On the night of 16 May 2021, a rumor broke out that the Moroccan security forces on the border between Morocco and the Spanish city of Ceuta had relaxed control and allowed the passage. According to statements by the Spanish police, they showed an "unusual passivity". According to foreign minister Nasser Bourita, the Moroccan gendarmerie had been exhausted following the celebration of Ramadan.

In the early hours of 17 May, at approximately 02:00 hours (GMT+1), a wave of migrants from Morocco began to arrive on the shores of Ceuta.
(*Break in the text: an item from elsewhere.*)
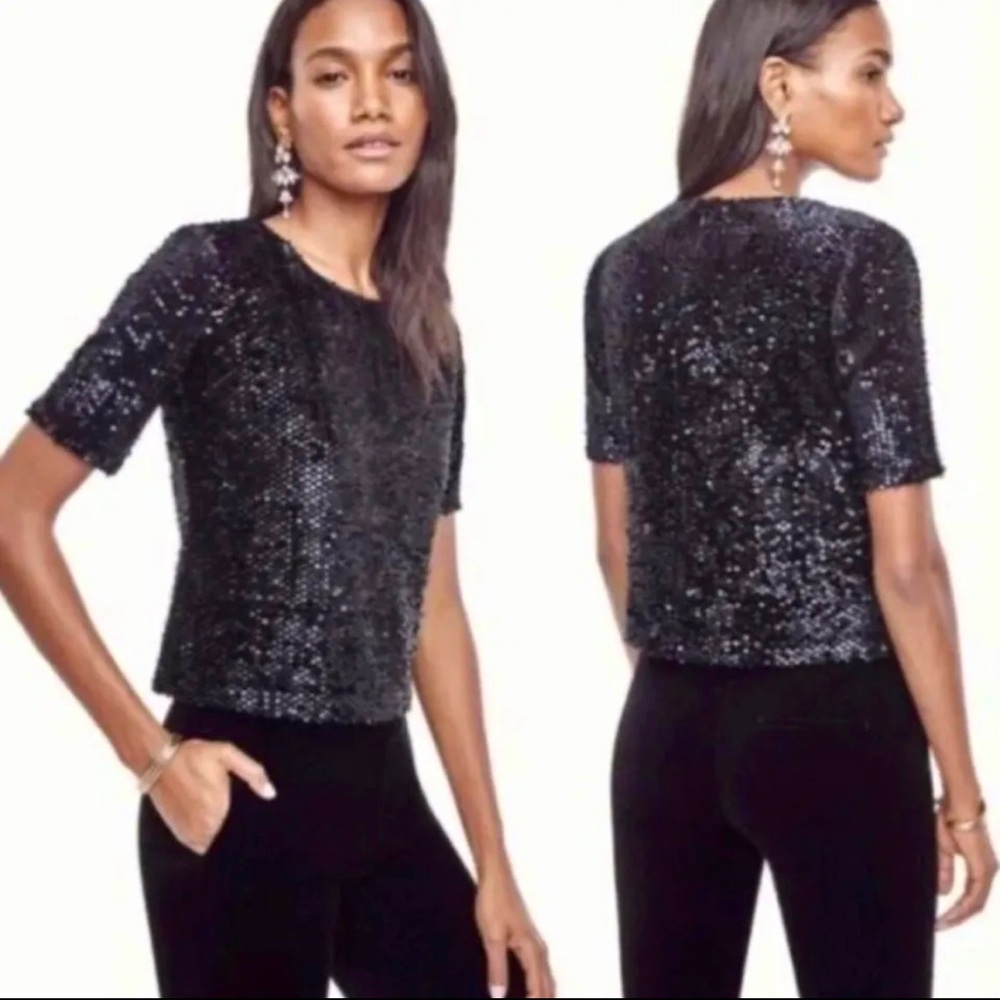 Ann Taylor Sequin Top Midnight Blue Size Small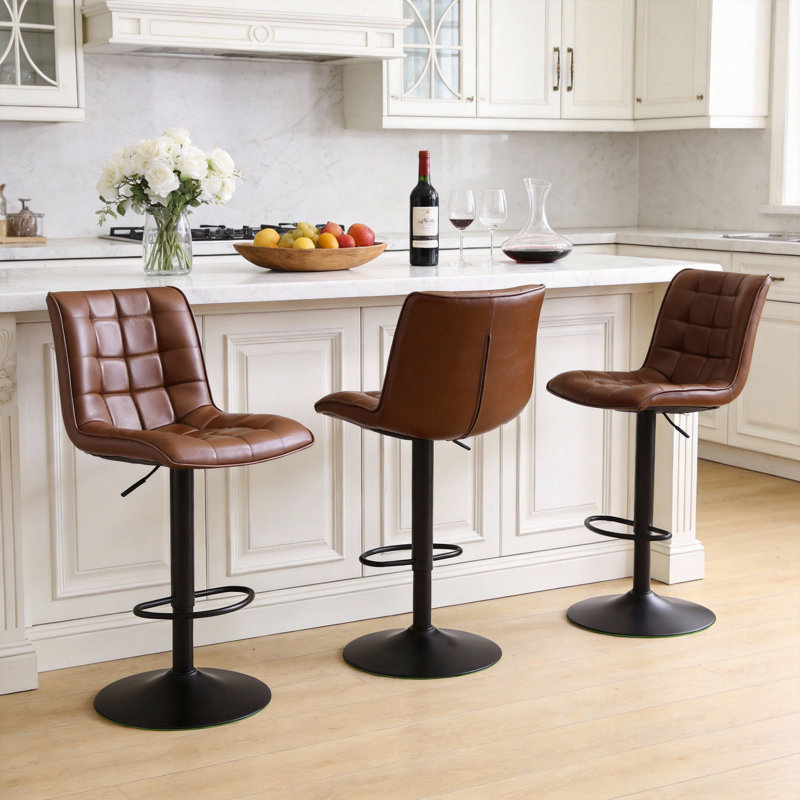 Swivel Upholstered Adjustable Height Counter Bar Stool with Backs for Kitchen Island, Brown, 3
Between 17 and 18 May more than 8,000 immigrants arrived in this city, among whom were approximately 1,500 minors. The vast majority of them swam across the border. The sudden arrival of immigrants caused a humanitarian crisis due to the inability of Spain to deal with the situation.

On the morning of 18 May, the President of the Spanish Government, Pedro Sánchez, announced that those who had arrived illegally would be "immediately returned" according to the bilateral agreement signed between Spain and Morocco. The Spanish Ministry of Defense also responded by moving 200 police officers to the area to support the 1,200 regular border patrol units, which would place armored vehicles along the beach to intercept new arrivals. Volunteers from the Spanish Red Cross also went to the scene to assist some immigrants suffering from hypothermia and severe fatigue after swimming across the breakwater area that marks the boundary between the two countries. The Spanish Government also enabled a fast processing system with the aim of speeding up the return process. Some migrants affirmed, through statements to Eldiario.es, that the Moroccan police had allowed them to cross the border. According to statements by some residents of Castillejos, a Moroccan city near the Ceuta border, young people from the city made the journey to the Spanish enclave encouraged by the false idea that famous soccer players were present in the Spanish city.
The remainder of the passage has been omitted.